Forensic expert heard in trial for murder

JAKARTA (JP): A woman and her three children, who were cold-
bloodedly murdered last October, were confirmed to have died from
stab wounds, experts told a court hearing yesterday.

"Victims were clearly wounded by sharp weapons though we can't
precisely say which weapons were used to create which wound,"
Sidhi, a forensic expert from the Cipto Mangunkusumo hospital,
told the East Jakarta district court.

Sidhi and his colleague Budi Sampurna were witnesses in the
trial of the main suspect, Philipus Lejab.

The two witnesses, however, told the court that wounds caused
by sharp weapons are not always fatal.

"It really depends on which or what organs were wounded in the
stabbing," Sidhi said.

The nine wounds suffered by 3-year-old Citra Utami, for
example, including the almost severing of her neck, were serious
but it was the eight centimeter-deep wound through her heart that
was fatal, he said.

The experts told the court that there are ways to distinguish
whether victims were alive or dead when mutilated.

"A human body will wound differently," Budi Sampurna, the
forensic expert who signed the victims' medical record said.

"There are different patterns of blood absorption throughout
the body when victims were stabbed or wounded while still alive,"
he added.

The victims were killed in their house in the Bambu Apus
subdistrict of East Jakarta on Oct. 2 last year. Five suspects
are being tried separately by three panels of judges.

The crowded court hearing was pervaded by public emotion which
thwarted the defendant's team of lawyers and witnesses in their
defense of Philipus. Several times judge Sunarto had to bang his
gavel on the table to remind the crowd to behave.

Two of Philipus' relatives, Lucia and Susana, also testified
yesterday.

Meanwhile, the team of judges refused prosecutor Saleh
Abdurrahman's plea to add two security guards to the list of
witnesses following the defense lawyers' objection that the
guards were not directly linked to the murder.
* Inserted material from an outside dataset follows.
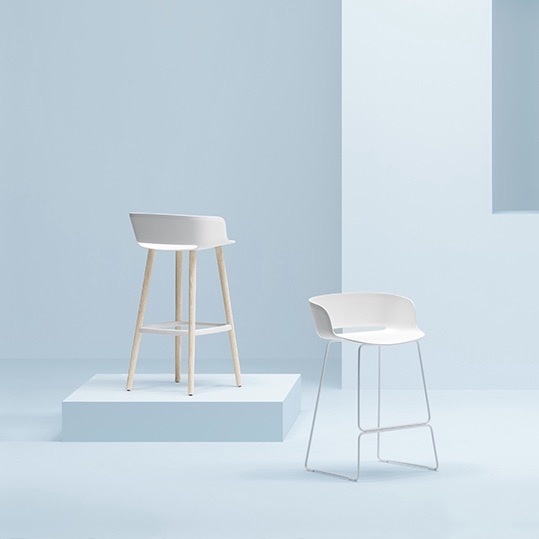 Pedrali Barstool BABILA 2758 - SHOWROOM MODEL 1 AVAILABLE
The guards were proposed by the prosecutor who said that they
had written a letter to him saying Philipus' wife Suparmi, who is
also a suspect in the murder, had told the guards that she
retracted previous police reports following her lawyers's advice.

Suparmi retracted police reports in a Feb. 29 court hearing.

All three court hearings were adjourned until next Monday.